Well, of course they will, dear (though the ‘hundreds of thousands’ bit really requires factoring in the impacts in China, India, Mexico, and the rest of the world made inescapably more rational host locations to do business). As PJ O’Rourke noted in his keynote address in Friday’s ‘Liberty Ball’ in Brussels, shooting convenience store clerks creates jobs, too. And in the inner city where they’re most needed. It’s simply a facile claim to make as the grounds for doing something because on its face it says nothing. Except about the person who tries the argument.

As Bastiat noted even before CAP was a glimmer in Soros’s eye or the ‘march through the institutions’ was in the cradle, “When a railroad or a bridge has real utility, it suffices to rely on this fact in arguing in its favor. But if one cannot do this, what does one do? One has recourse to this mumbo jumbo: ‘We must create jobs for the workers’.”

And, as I have seen written lately in a relevant paper applying basic principles to this by now ritual, and indeed increasingly hyperbolic, mumbo jumbo: “Few politicians and project promoters will devote much time to the jobs created by policies or projects that appear to have a good justification in their own right.  No one points to the number of jobs created by improving the quality of education or health care [NB: or in actual environmental improvement]. It is only when we encounter proposals whose merits are somewhat more questionable that vigorous efforts are made to construct arguments about the associated economic benefits.”

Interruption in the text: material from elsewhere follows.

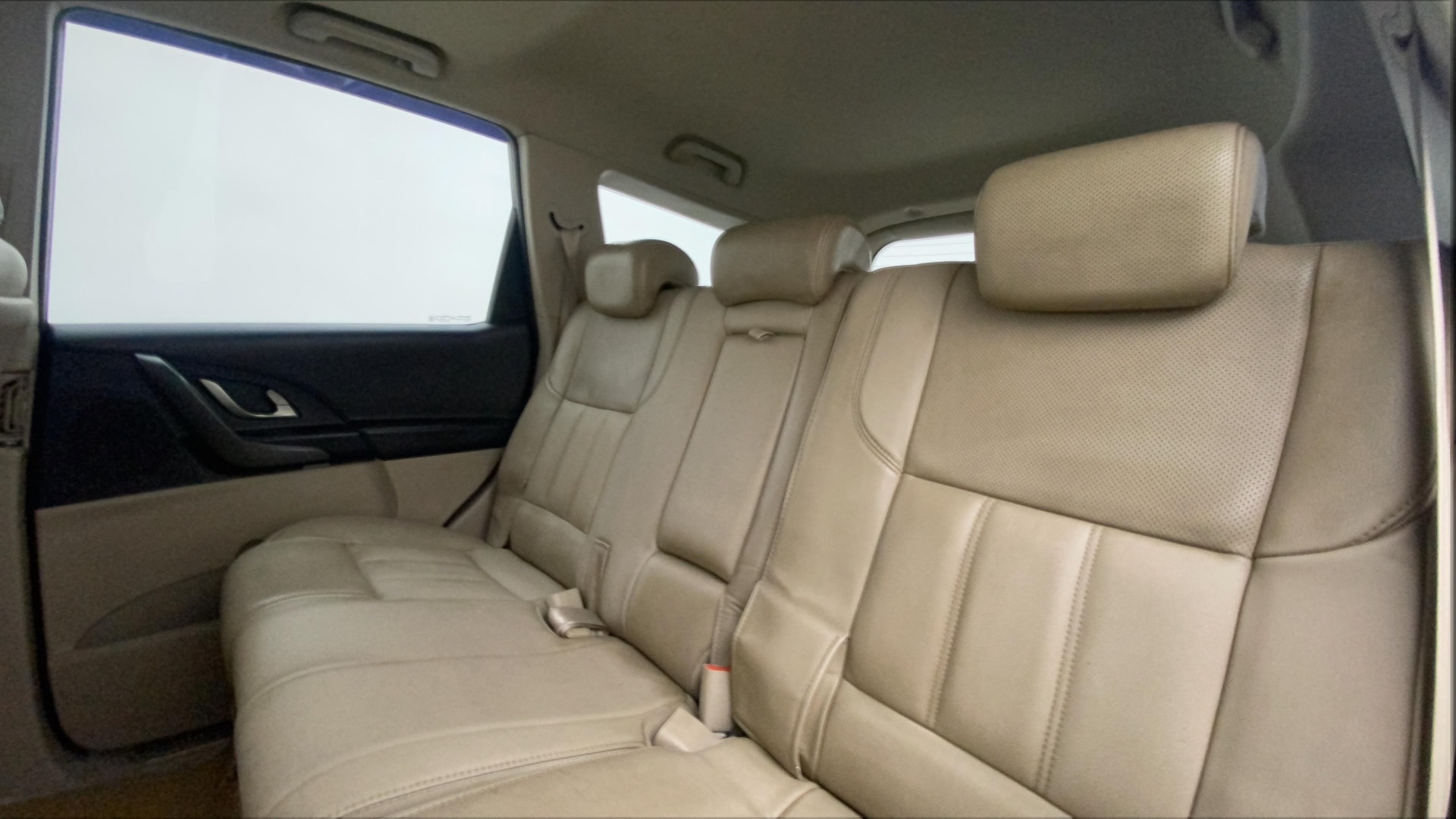 View 2019 Mahindra XUV500 W10 FWD AT Image 38 Used 2019 Mahindra XUV500 W10 FWD AT Image 38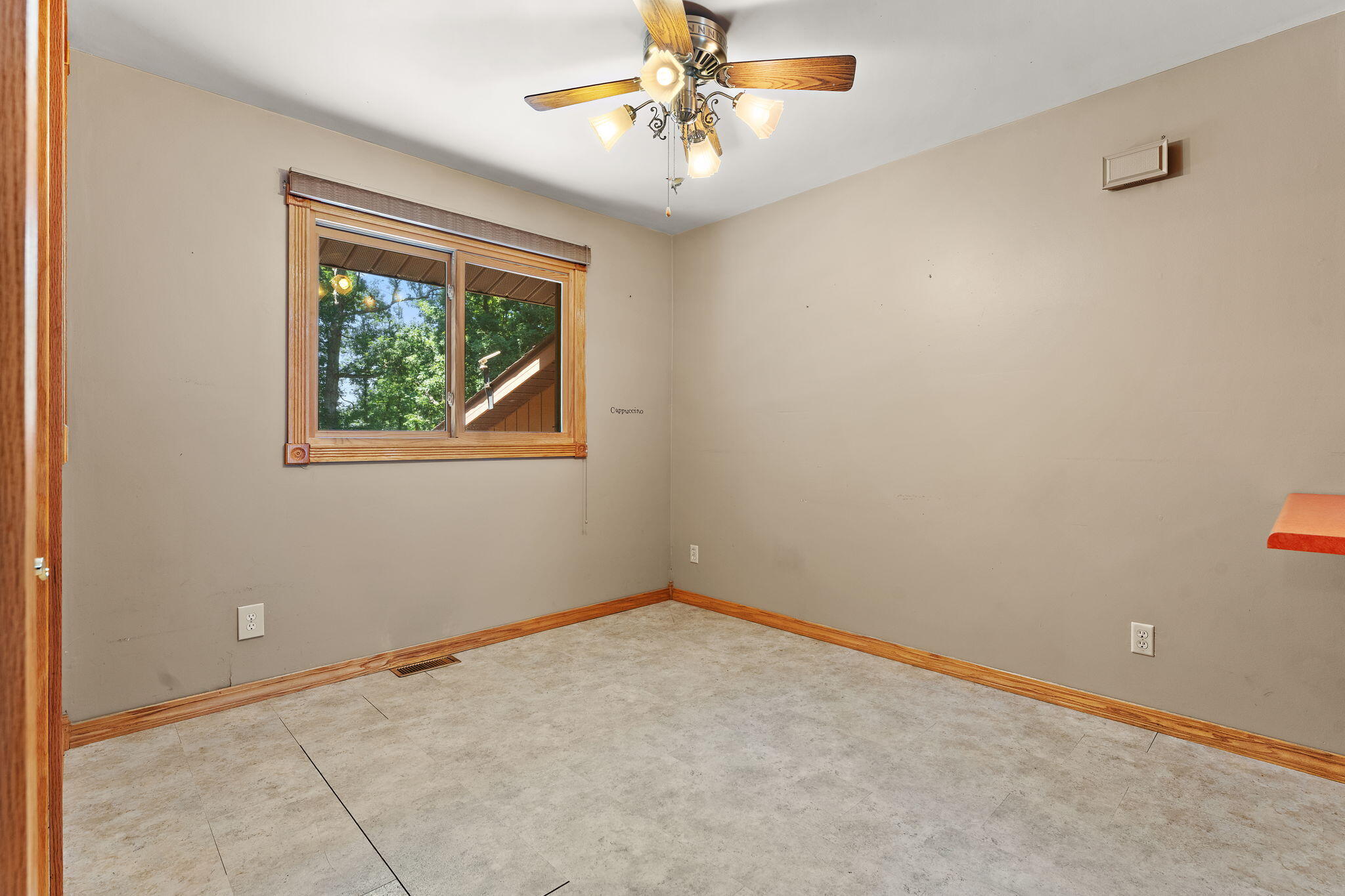 1089 N 200 W, Chesterton, IN 46304; Image #15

Why not cut off everyone’s left arm, as Bastiat also posited, if jobs is the goal — though, upon reflection, that’s a pretty stupid goal for the energy sector: you want fewer man-hours per unit of energy created, to ensure many more jobs created in the broader economy. But of course that’s slightly too practical for the policy world.

I suppose when the merits aren’t all that, falling back even on this old saw beats arguing the merits. But saying it about anything and everything does nothing to make it true.